Pour l’Institut, au cours de cette quatrième vie, la formation est devenue un élément extrêmement important. La collaboration avec l’université de Lille et l’Ilis a permis de développer le parcours de licence IST/AST et de faire reconnaitre le domaine Droit santé travail avec le professeur Sophie Fantoni-Quinton. Les décrets d'application de la loi de 2021 ont entraîné des obligations de formation pour les équipes de santé-travail. La mutualisation des moyens et le développement d'actions sont venus appuyer ces démarches, tout en maintenant la diffusion de l'information sur des supports numériques, et l’organisation de journées d'étude thématiques sur des sujets d’actualité. L’ISTNF a passé un conventionnement avec la Carsat Hauts-de-France en 2023, afin d'asseoir certaines pistes, autour de l'évaluation des risques professionnels, de la prévention de la désinsertion professionnelle, ou pour imaginer de nouvelles façons de travailler ensemble, dans un partenariat renouvelé entre les acteurs de prévention en région. L’ISTNF entame une cinquième vie.
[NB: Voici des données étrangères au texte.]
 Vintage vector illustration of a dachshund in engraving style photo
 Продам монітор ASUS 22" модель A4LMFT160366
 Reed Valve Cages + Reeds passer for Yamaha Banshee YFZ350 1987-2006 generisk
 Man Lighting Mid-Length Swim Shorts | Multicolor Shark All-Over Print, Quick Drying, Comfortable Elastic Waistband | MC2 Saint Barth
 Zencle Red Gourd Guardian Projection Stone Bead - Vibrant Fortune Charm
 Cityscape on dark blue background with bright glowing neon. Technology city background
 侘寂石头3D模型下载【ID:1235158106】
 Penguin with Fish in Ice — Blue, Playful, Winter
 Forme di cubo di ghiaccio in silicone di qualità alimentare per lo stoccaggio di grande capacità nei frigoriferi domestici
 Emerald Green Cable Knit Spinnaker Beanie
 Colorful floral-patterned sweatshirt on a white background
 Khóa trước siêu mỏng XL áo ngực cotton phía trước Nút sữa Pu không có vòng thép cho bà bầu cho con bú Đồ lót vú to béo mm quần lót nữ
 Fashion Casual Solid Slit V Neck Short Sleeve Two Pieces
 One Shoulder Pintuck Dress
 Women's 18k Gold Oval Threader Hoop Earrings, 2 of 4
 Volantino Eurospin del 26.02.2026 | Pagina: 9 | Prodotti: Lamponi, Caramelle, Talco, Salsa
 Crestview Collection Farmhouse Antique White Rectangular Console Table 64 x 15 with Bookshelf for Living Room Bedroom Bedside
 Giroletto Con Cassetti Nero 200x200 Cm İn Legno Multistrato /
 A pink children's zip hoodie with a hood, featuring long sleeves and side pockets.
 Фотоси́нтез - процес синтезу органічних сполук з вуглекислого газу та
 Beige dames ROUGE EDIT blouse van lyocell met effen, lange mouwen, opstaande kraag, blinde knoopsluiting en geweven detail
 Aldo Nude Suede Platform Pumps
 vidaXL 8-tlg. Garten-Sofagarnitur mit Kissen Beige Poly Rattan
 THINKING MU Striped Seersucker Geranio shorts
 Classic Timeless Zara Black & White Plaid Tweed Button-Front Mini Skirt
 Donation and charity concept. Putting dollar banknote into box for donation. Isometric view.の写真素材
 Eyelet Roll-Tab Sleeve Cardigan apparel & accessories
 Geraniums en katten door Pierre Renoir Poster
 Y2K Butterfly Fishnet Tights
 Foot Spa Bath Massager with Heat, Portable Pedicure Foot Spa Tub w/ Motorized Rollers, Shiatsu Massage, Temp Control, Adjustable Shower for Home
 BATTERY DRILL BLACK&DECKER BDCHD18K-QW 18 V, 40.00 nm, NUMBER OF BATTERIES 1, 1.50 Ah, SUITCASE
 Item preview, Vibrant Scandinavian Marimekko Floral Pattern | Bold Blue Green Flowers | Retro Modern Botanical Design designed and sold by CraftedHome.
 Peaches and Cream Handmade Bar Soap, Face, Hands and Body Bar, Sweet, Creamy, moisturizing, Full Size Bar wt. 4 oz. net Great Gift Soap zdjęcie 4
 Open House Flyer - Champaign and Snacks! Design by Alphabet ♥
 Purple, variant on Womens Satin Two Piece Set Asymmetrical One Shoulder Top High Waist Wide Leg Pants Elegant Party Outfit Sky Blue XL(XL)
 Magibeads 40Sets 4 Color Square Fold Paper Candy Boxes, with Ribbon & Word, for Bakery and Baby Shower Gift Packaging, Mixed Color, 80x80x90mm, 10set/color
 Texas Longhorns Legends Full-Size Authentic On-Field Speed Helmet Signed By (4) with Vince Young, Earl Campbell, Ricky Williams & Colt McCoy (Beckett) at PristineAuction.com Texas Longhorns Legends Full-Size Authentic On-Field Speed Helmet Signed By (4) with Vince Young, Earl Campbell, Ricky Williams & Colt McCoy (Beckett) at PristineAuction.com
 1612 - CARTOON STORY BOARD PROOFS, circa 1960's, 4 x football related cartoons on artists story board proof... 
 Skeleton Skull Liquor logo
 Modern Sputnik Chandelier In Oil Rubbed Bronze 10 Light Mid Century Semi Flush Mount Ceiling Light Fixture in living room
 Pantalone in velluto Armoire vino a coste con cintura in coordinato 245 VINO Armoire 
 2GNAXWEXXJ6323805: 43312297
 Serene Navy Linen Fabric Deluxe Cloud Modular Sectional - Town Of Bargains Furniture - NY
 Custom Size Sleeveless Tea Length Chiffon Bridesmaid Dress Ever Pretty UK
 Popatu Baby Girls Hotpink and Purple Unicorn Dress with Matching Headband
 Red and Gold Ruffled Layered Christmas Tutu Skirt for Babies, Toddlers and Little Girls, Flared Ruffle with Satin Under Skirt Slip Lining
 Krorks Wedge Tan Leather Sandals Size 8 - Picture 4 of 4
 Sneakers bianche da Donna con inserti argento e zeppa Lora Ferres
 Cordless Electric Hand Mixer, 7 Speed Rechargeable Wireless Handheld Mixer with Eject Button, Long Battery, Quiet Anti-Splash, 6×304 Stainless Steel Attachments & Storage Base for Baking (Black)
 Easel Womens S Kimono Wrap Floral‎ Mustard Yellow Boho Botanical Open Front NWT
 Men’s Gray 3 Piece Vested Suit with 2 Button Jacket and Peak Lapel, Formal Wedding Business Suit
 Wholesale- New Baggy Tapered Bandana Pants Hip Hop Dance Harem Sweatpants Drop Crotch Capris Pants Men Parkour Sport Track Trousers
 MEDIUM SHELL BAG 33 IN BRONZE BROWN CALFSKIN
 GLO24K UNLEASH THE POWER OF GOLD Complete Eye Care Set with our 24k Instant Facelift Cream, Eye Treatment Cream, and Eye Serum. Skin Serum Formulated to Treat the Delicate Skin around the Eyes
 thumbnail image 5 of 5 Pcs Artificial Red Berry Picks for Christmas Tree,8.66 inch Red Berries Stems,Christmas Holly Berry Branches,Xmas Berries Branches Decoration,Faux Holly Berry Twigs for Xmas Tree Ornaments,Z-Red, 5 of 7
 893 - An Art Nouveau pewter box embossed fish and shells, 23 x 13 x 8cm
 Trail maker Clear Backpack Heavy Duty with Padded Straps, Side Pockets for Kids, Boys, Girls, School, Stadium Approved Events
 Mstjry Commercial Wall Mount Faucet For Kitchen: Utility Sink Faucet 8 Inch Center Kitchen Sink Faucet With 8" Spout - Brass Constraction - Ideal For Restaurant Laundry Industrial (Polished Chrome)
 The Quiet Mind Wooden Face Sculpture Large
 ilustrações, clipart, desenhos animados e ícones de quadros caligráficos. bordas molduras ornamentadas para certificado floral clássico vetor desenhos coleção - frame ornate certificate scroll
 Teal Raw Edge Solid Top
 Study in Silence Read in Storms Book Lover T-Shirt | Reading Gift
De nombreux chantiers restent à mener pour renforcer l’action des services de prévention et de santé au travail. La loi de 2011, confirmée par le texte de 2021, oblige maintenant les services à travailler sur la traçabilité des expositions professionnelles. Le DMST - Dossier médical de santé au travail - devrait normalement être connecté avec l'espace santé du salarié en 2026. Si le salarié est d'accord, le médecin du travail aura accès à son espace santé. Et ça, ce sera une énorme avancée. On estime que 40% d'entreprises n'ont toujours pas de document unique d’évaluation des risques professionnels. Sur ce sujet, on voit bien le rôle primordial qu’ont les services de prévention et de santé au travail pour appuyer les TPE-PME dans leur démarche. Tout l'enjeu sur ce sujet, consiste à pouvoir avancer ensemble, avec l'assurance maladie, les services de prévention et de santé au travail, et l'université, pour améliorer la connaissance des entreprises et renforcer la prévention.
Travailler ensemble permet de disposer d’indicateurs sur certains domaines : prévention, pénibilité, maintien à l’emploi… Le travail collaboratif ne peut se concevoir qu’en lien avec l’ensemble des partenaires de la santé-travail : Dreets, Carsat, MSA, OPPBTP, Aract. L’objectif prioritaire étant de privilégier la prévention par rapport à la réparation.
Le dispositif santé-travail devrait encore évoluer dans les années qui viennent, au gré des gouvernements qui se succèdent. Quel sera son format ? Pour conclure en reprenant la tonalité du début de mon texte, je serai tenté de donner ma langue au chat. La démarche est pourtant ambitieuse et nous avons beaucoup de pistes de travail à engager en 2025.
Au nom de toute l’équipe de l’ISTNF, je vous souhaite une bonne fin d’année 2024 et je vous présente mes meilleurs vœux pour 2025.